> _Action item_: Shown below is a listing with pictures; reproduce exactly, and only, the lines between the ones containing "11236 NW 56th" and "Hot Predaj Elegantný", inclusive, leaving the pictures out.

[Data under study Boundary: Start]

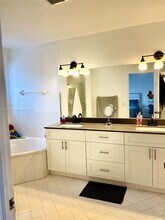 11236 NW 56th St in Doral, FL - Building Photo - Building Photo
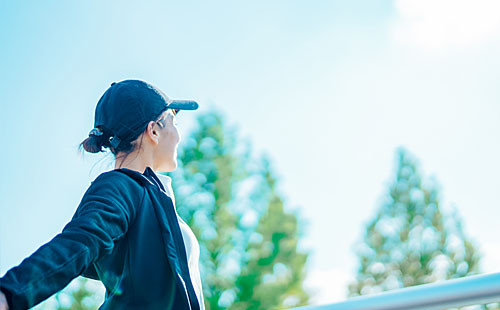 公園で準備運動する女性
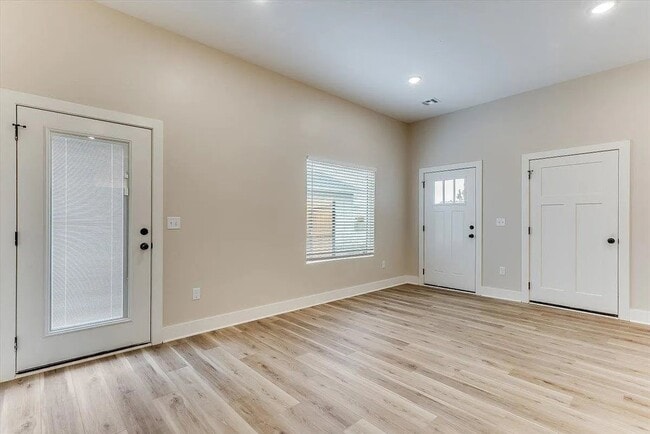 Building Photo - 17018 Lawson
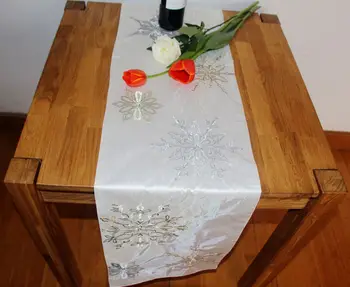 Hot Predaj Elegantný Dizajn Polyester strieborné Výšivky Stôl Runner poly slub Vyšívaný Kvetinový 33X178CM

[Data under study Boundary: End]
[Data under study Boundary: Start]

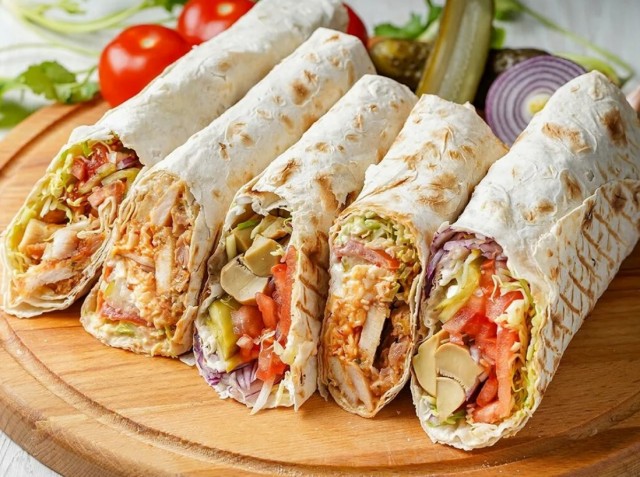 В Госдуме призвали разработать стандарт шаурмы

[Data under study Boundary: End]
[Data under study Boundary: Start]

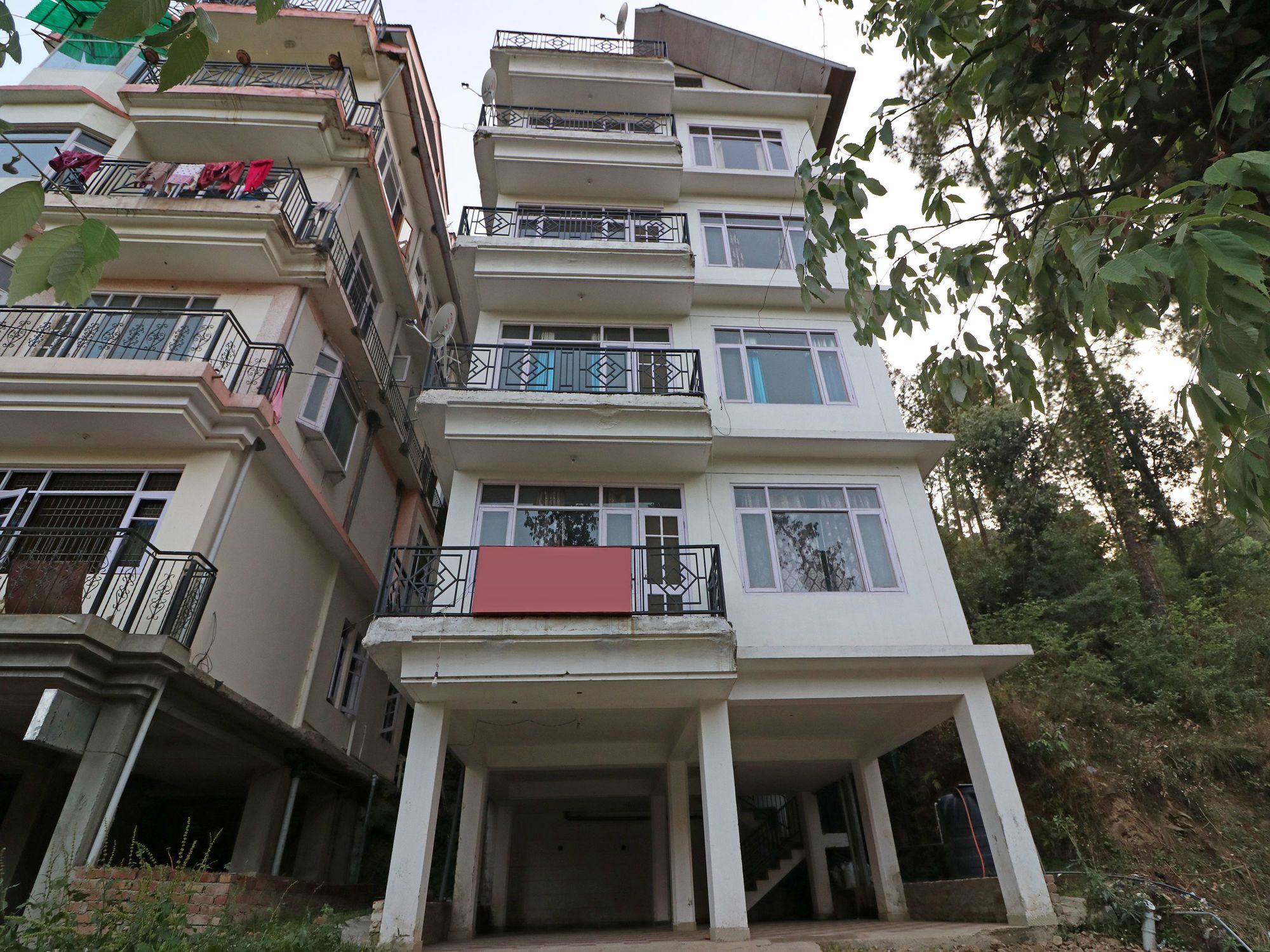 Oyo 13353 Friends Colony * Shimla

[Data under study Boundary: End]

> _Solution for this exercise_:
 11236 NW 56th St in Doral, FL - Building Photo - Building Photo
 公園で準備運動する女性
 Building Photo - 17018 Lawson
 Hot Predaj Elegantný Dizajn Polyester strieborné Výšivky Stôl Runner poly slub Vyšívaný Kvetinový 33X178CM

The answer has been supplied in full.